I think corporate profit is near a peak. Meanwhile, unemployment is near a 40-year low and evidence of wage inflation is starting to emerge. The abnormally late-cycle tax stimulus, which disproportionately benefited more-domestically focused mid-cap companies, is not repeatable, in my estimation. Moreover, further boosts from fiscal policy seem unlikely.
Furthermore, money is becoming less free as the Fed raises policy rates, which I believe creates a headwind for economic growth, as well as to the valuations of companies whose cash flow is somewhere in the distant future.
Taking this all in, I have shifted to more defensive posturing for the fund. Heading into 2019, I have also notably underweighted the technology, industrials materials and real estate sectors, and overweighted in utilities. As of the end of October, notable utility holdings include Atmos Energy (ATO) and Allliant Energy (LNT).
That said, I have also been pursuing opportunities among attractively valued names where we think the market is overly concerned about a secular threat.
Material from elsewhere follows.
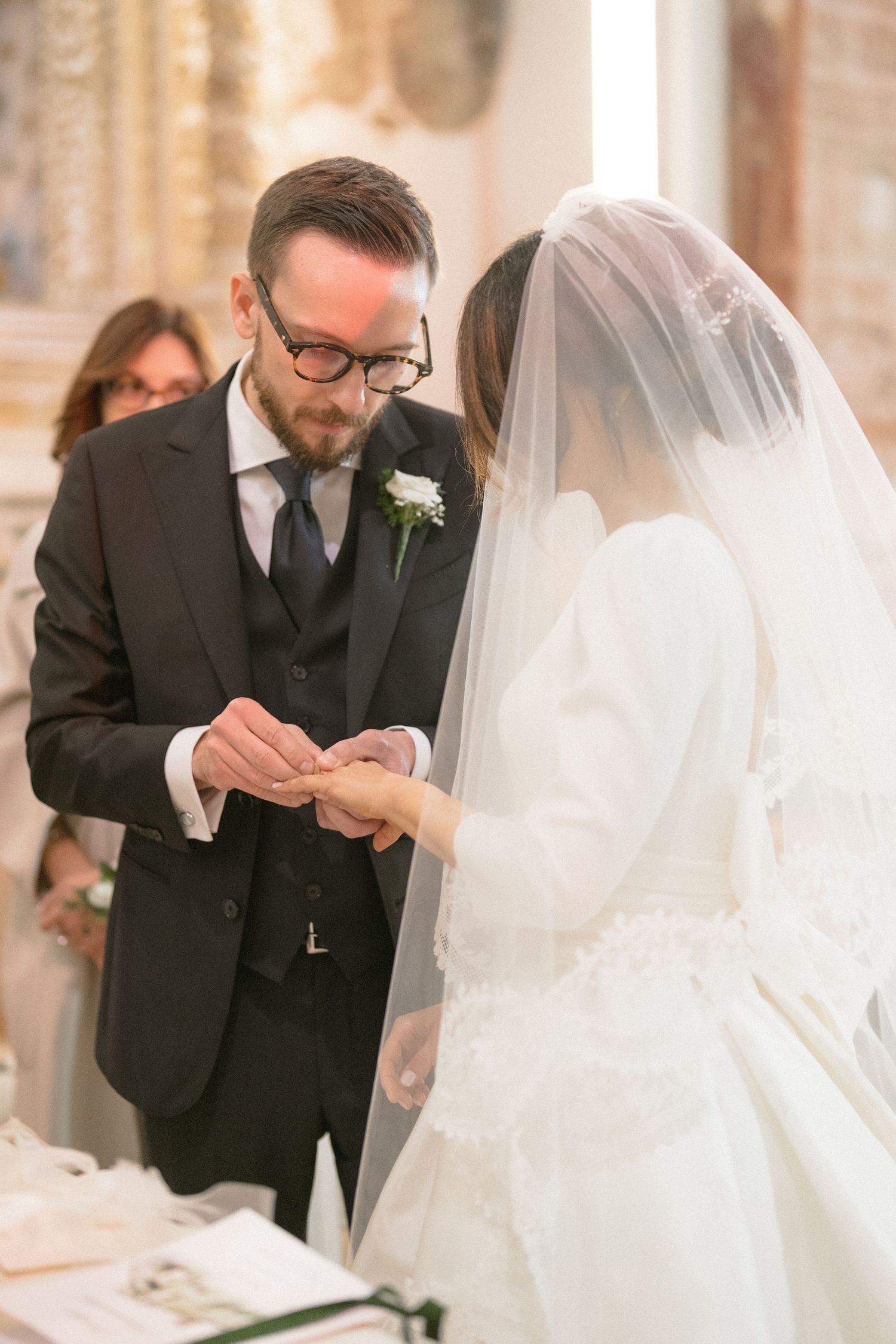 Groom with glasses places wedding ring on brides finger during church ceremony exchange of vows.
Examples include particular names in health care and retail.
As of the end of November, the fund also owned homebuilders such as Toll Brothers (TOL), Lennar (LEN), NVR, Inc. (NVR) and D.R. Horton (DHI), because I think this is the one segment of the US economy that is still well below its previous peak reached before the 2008–09 financial crisis. In our view, this market isn't overheated and would be the first to recover if conditions do not get worse or improve.
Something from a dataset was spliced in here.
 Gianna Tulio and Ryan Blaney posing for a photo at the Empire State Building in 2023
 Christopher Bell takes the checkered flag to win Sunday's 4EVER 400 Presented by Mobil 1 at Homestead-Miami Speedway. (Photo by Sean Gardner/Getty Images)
Value stocks have begun to close the gap with growth stocks
Matthew Fruhan, Fidelity Large Cap Stock Fund (FLCSX) and Fidelity Mega Cap Stock Fund (FGRTX)
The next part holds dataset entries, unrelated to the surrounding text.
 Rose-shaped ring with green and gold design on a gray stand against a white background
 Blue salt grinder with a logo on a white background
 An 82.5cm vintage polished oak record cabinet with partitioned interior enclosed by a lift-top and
Near the start of 2019, I'm still seeing several fast-growing areas of the large-cap market, particular among some specific internet-related stocks, trading at valuations I think are still far too extreme. Followers and shareholders of my fund may be aware that I've been avoiding these investments for some time.
One encouraging sign late in 2018 is that, beginning in October, large-cap value stocks began to narrow the performance gap with large-cap growth stocks.
Partly as a result, I see some potential for decent returns in the coming year from companies with less relative sensitivity to the economy that I think may deliver a good combination of earnings and yield. Many of these companies offer solid, but not extraordinary growth, and trade at what I think are good valuations.
For example, I added to tobacco stocks in the fourth quarter of 2018 when I thought the combination of regulatory and competitive concerns for this industry gave me a chance to invest in relatively defensive businesses at attractive valuations. I established a stake in an international tobacco company, while also slightly adding to stakes in Altria (MO) and British American Tobacco (BTI).
I'm also fairly bullish on energy, where I see a big gap between the underlying price of oil and the levels at which energy stocks have been trading toward year end. Eventually, I expect this disconnect to close.